An electrical system puzzle

We have a 2012 Keystone Cougar 5th wheel with a 50amp system. This rig is brand new to us, but we have several years of travel trailer experience. The rig has a WFCO power distribution center and a WFCO WF-9800 converter. The distribution panel has a 15A breaker for the GFI 120v outlets and a 15A breaker for the non-GFI 120v outlets. We're plugged into a 20a GFI shore power outlet (at home) through the 50A cable, a 50 - 30A adapter, and a 30 - 15A adapter.

Got a puzzling electrical problem. The 1st clue something was wrong: my wife had the 12v radio/DVD player on. She was vacuuming, connected to a GFI outlet. I flipped the "RECEPT" (non-GFI outlets) breaker on - so we could run the refrigerator - and the volume on the radio dropped significantly! I checked the voltage at one of the non-GFI outlets and it was about 118v. The refrigerator worked. The vacuum cleaner worked when plugged into a non-GFI outlet. That was yesterday morning.

Today, the "Check" light on the refrigerator came on. No 120VAC and it was trying to run on propane, which was shut off. Turned the refer off/on - same problem. Checked and found no 120VAC at any outlet. The breaker in the source 20A GFI shore power outlet had popped. Now, every time I turn on the distribution panel breaker for the non-GFI
outlets in the rig, the GFI breaker on the shore power source outlet pops, even if nothing is plugged into these non-GFI outlets. Powering the GFI outlets in the rig works fine.
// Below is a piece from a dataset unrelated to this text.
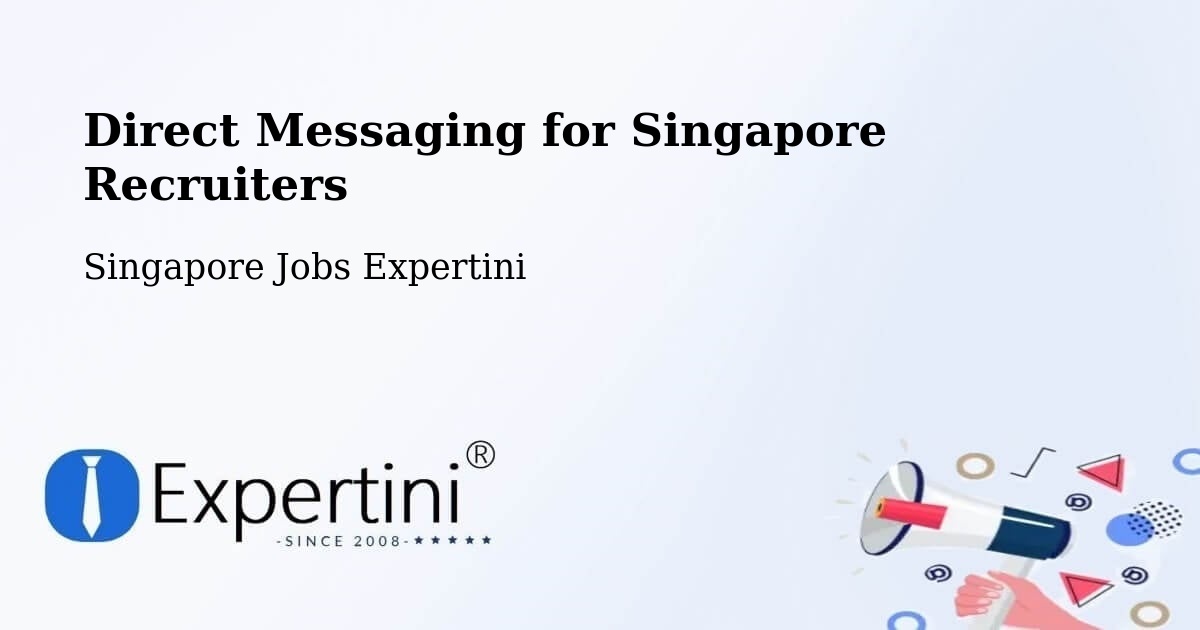 Direct Messaging for Singapore Recruiters - Singapore Jobs Expertini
Sorry for the LONG story, but I don't know how else to explain it. I'll probably have to take it somewhere for service, but I'm pretty good at DYI and any wisdom or suggestions will be greatly appreciated!

15 Replies

  • ktmrfs's avatar
    ktmrfs
    Explorer III
    depending on the dogbone your using to go from 240V 50A to 120V you could end up with a GFI that trips. A 50A service is two legs of 120V. And depending on how you go from the 50A/240 to 120 you could either end up with only one leg powered or the two legs tied together. and how it ends up getting configured can be incompatible with a upstream GFI outlet. GFI outlets will trip if they see ground/neutral bonding downstream or some aspects of a 240 trailer to 120V trailer adapter. In fact some of the 50A/240V to 30a/120 adapters will say NOT compatible with GFI outlets.
  • unplug the fridge 120v plug
    then turn your breakers on one at a time
    if nothing trips, plug the fridge back in
    might be a bad 120v heating element in the fridge
    or like others have some moisture someplace
    is the vacuum still plugged in ? unplug it
  • You have a ground fault - ie current leaking to ground and it likely has nothing to do with the GFI circuit in the rig.

    Typically the most likely problem is moisture as in outside plugs, HW, refer and plugs near sinks. Basically turn all rig CBs off, plug in and then try each CB one at a time to help isolate.

    Many many related posts on this board. Search including the archives.